He grew up with The Beatles in Liverpool and forged a career at the famous Cavern Club, but Ozzie Yue finally switched from music to acting in the 1980s and has never looked back. Viv Hardwick hears how he landed the title role in Kensuke's Kingdom and has hopes of movie stardom.

OZZIE Yue switched from acting to music as a result of growing up alongside The Beatles in Liverpool and the singer-guitarist went on to set an unofficial record of appearances at the city's famous Cavern Club.

But he parted company from the dream of following the Fab Four to fame in the 1980s and returned to acting. A series of oriental roles on TV followed, including Preston Front, Father Ted and Coronation Street, before Ozzie went back on tour... with the acclaimed Birmingham Stage Company version of Kensuke's Kingdom.

The family show runs at Newcastle Theatre Royal during the week of June 27-July 1 and is the last stage production to appear before the venue goes dark until October for £5 million of improvements.

Ozzie, now 58, has to age considerably to play 75-year-old Kensuke, the Japanese soldier on a desert island who meets up with castaway boy Michael in an adaptation of Michael Morpurgo's book.

"This is the first stint of professional stage touring I've done," he explains. "The story is great and a mix of everything which really holds the children's attention. It's Robinson Crusoe meets The War with a touch of Jungle Book with orangutans," says Ozzie, playing a character who thinks his whole family has been wiped out by the nuclear bomb.
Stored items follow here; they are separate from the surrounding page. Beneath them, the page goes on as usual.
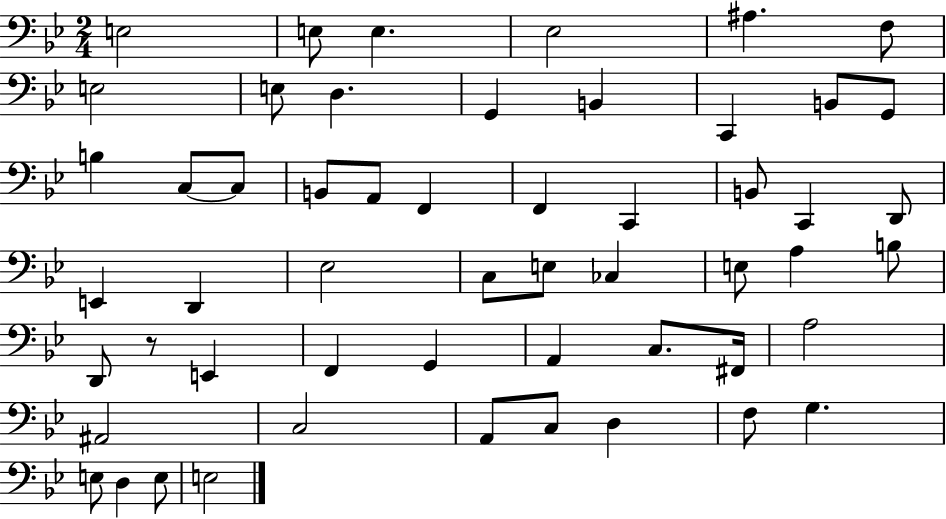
{
  \clef bass
  \numericTimeSignature
  \time 2/4
  \key bes \major
  e2 | e8 e4. | ees2 | ais4. f8 | \break e2 | e8 d4. | g,4 b,4 | c,4 b,8 g,8 | \break b4 c8~~ c8 | b,8 a,8 f,4 | f,4 c,4 | b,8 c,4 d,8 | \break e,4 d,4 | ees2 | c8 e8 ces4 | e8 a4 b8 | \break d,8 r8 e,4 | f,4 g,4 | a,4 c8. fis,16 | a2 | \break ais,2 | c2 | a,8 c8 d4 | f8 g4. | \break e8 d4 e8 | e2 | \bar "|."
}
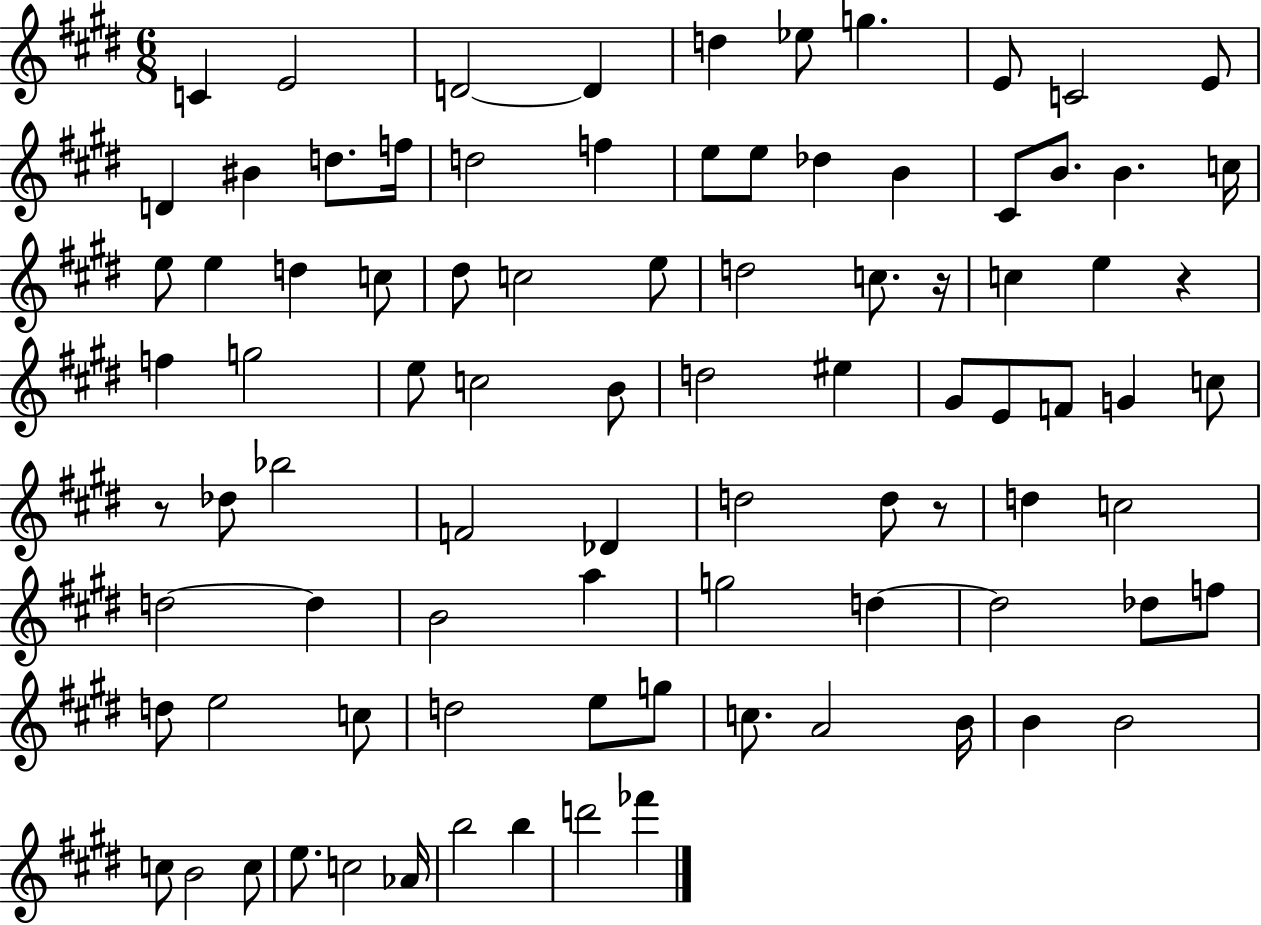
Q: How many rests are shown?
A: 4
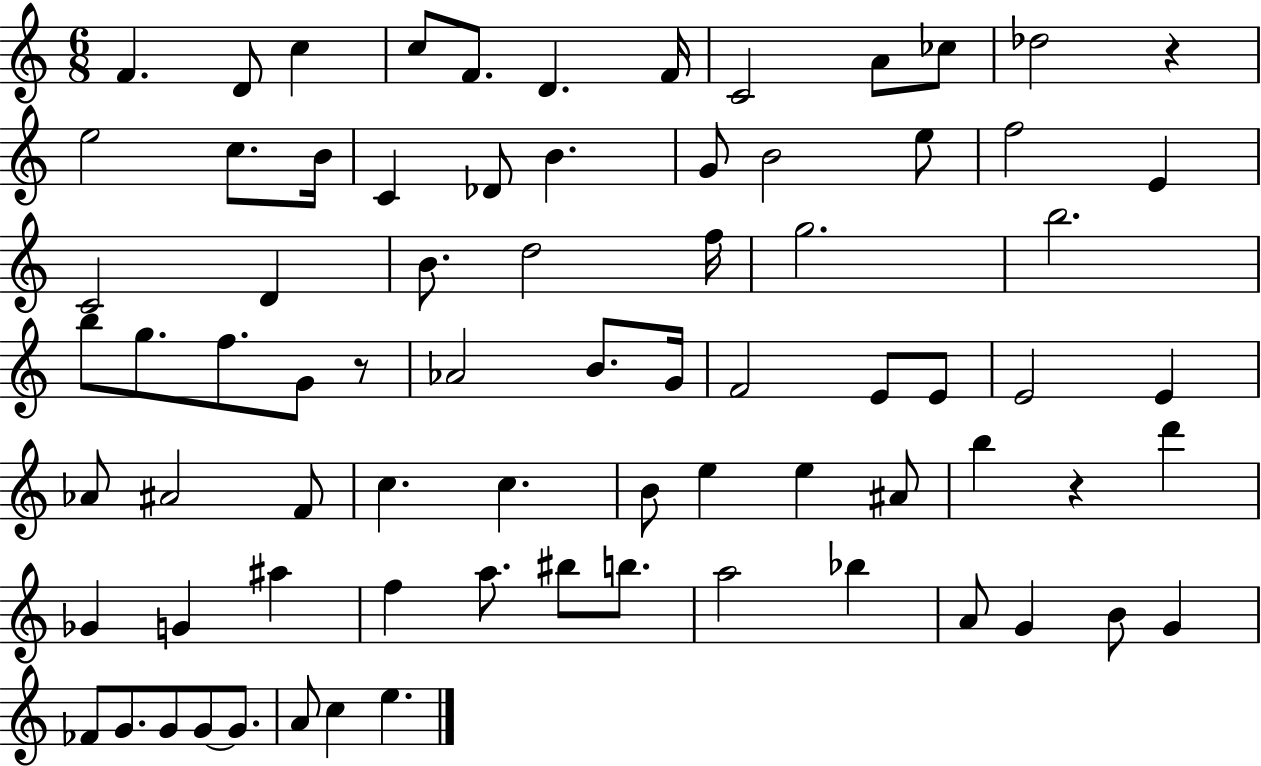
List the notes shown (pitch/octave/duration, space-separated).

F4/q. D4/e C5/q C5/e F4/e. D4/q. F4/s C4/h A4/e CES5/e Db5/h R/q E5/h C5/e. B4/s C4/q Db4/e B4/q. G4/e B4/h E5/e F5/h E4/q C4/h D4/q B4/e. D5/h F5/s G5/h. B5/h. B5/e G5/e. F5/e. G4/e R/e Ab4/h B4/e. G4/s F4/h E4/e E4/e E4/h E4/q Ab4/e A#4/h F4/e C5/q. C5/q. B4/e E5/q E5/q A#4/e B5/q R/q D6/q Gb4/q G4/q A#5/q F5/q A5/e. BIS5/e B5/e. A5/h Bb5/q A4/e G4/q B4/e G4/q FES4/e G4/e. G4/e G4/e G4/e. A4/e C5/q E5/q.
"Initially I had a beard that I stuck on but I developed an allergy to the glue and the solvent required to take it off because we're getting up to around 250 shows now. I did two or three performances in Cardiff where my eyes were swollen and half-closed and I looked like I'd done ten rounds with Mike Tyson. So I've started growing my own beard," he adds.

Ozzie recalls earning his Equity card as a result of playing the clubs and pubs as a band member in the early 1980s.
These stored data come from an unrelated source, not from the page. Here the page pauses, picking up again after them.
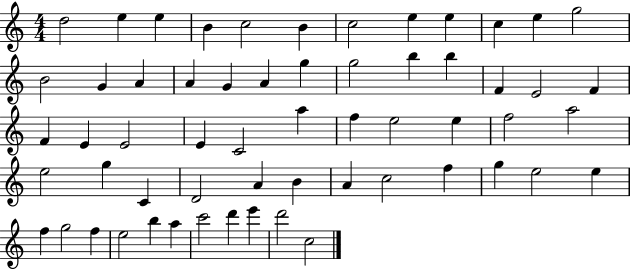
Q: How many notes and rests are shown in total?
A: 59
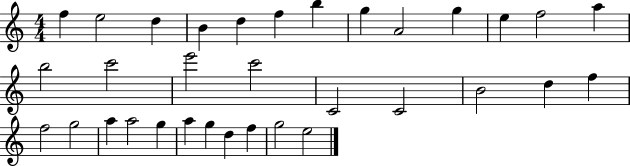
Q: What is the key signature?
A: C major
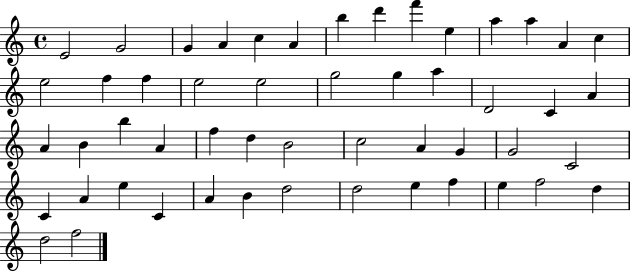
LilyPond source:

{
  \clef treble
  \time 4/4
  \defaultTimeSignature
  \key c \major
  e'2 g'2 | g'4 a'4 c''4 a'4 | b''4 d'''4 f'''4 e''4 | a''4 a''4 a'4 c''4 | \break e''2 f''4 f''4 | e''2 e''2 | g''2 g''4 a''4 | d'2 c'4 a'4 | \break a'4 b'4 b''4 a'4 | f''4 d''4 b'2 | c''2 a'4 g'4 | g'2 c'2 | \break c'4 a'4 e''4 c'4 | a'4 b'4 d''2 | d''2 e''4 f''4 | e''4 f''2 d''4 | \break d''2 f''2 | \bar "|."
}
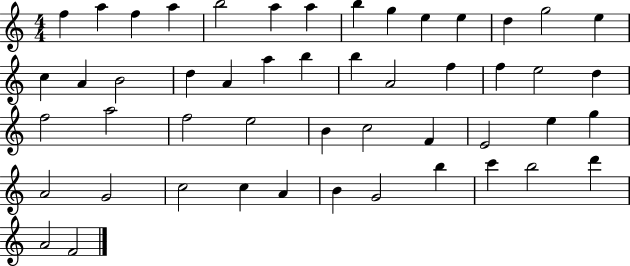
X:1
T:Untitled
M:4/4
L:1/4
K:C
f a f a b2 a a b g e e d g2 e c A B2 d A a b b A2 f f e2 d f2 a2 f2 e2 B c2 F E2 e g A2 G2 c2 c A B G2 b c' b2 d' A2 F2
"Some of the theatres we're doing I've actually played at as a musician but in the North-East previously I've played at the City Hall and back in the Sixties I did the Club A-go-go with The Animals," he recalls.
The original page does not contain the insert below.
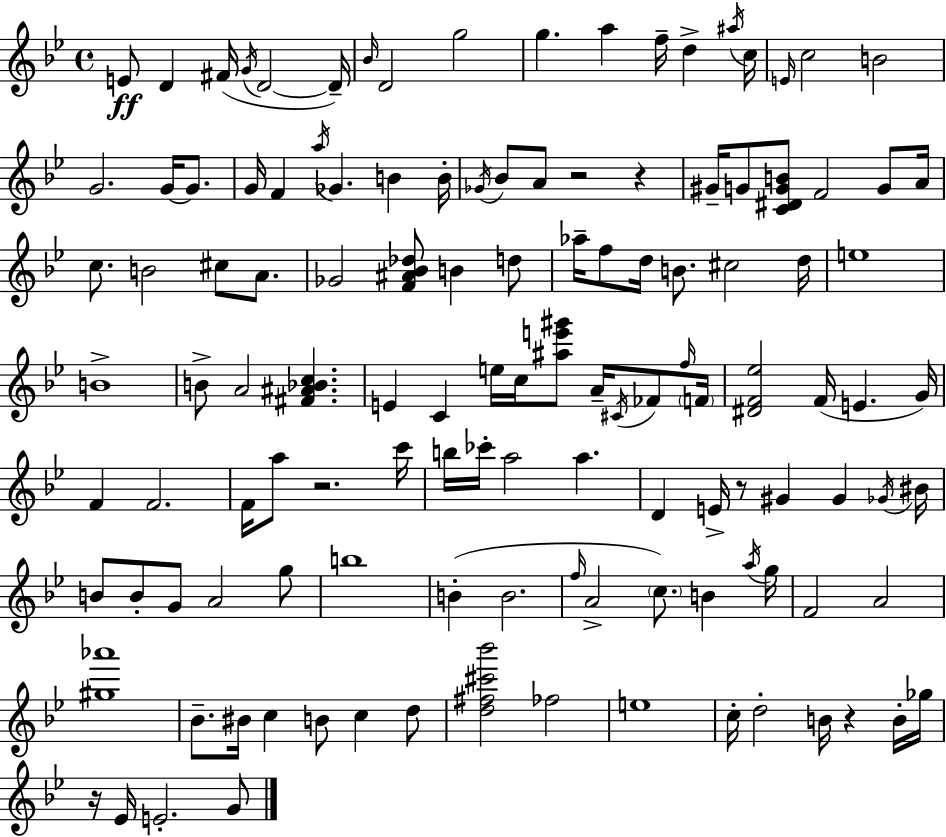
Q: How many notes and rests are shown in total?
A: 124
The shift across to acting came when he was offered some work as an extra with Manchester-based Granada TV.

"Because of the kind of person I am when I started out working for Granada TV I didn't get the 'stand around in the background' kind of parts. I was one or very few oriental-looking actors at that time. A London agent saw my photograph in casting and said 'you don't do any more extras work from now on'," he explains.

Recalling the exciting days when Liverpool's most famous band changed the course of music history, Ozzie says: "Paul McCartney and George Harrison were a couple of years ahead of me at school (Liverpool Institute High) and John Lennon used to be next door at the Arts School and I used to watch them meet up. I'll always remember George's loud waistcoats.

"During that period they started playing at the Cavern and I sneaked down to watch them once or twice. But there were a whole load of bands at that time, like The Hollies and Gerry And the Pacemakers. Most musicians actually admired The Shadows at that time, a good Stockton-on-Tees group, and we moved on from practicing in front of the mirror with a cricket bat," he explains. Ozzie formed a group called the Hideaways, managed by legendary Cavern DJ Bob Wooler, who introduced The Beatles to the world.

"So we used to do a lot of gigs there which weren't officially recorded. In fact I once played The Cavern four times in one day. We were filmed by Timex watches for the famous tick-a-tick advert at 7am, came back and did a Saturday kids session, then did an evening show and then went back and did an all-nighter. I remember Bob telling us back in about 1967 that The Beatles appearances were something like 396 but I know we did something like 500... in fact the band called Supercharge, which I finished up with, were the last band to play on the old Cavern before it was filled in," he laughs.

With a long run of Kensuke's Kingdom planned, Ozzie has few worries about future earnings by pretending to be a 75-year-old. There's even talk of a film version.

"I've accepted an offer to keep touring in the autumn and then we're going into the Bloomsbury Theatre in London over Christmas and there's some talk of a film. HBO have take the rights for the film and I know the scriptwriter and he's keeping me informed. They've probably got someone like Ken Watanabe (the Japanese star seen recently in Memoirs Of A Geisha) in mind, but you never know."

* Kensuke's Kingdom plays Newcastle Theatre Royal, June 27-July 1. Box Office: 0870 905 5060.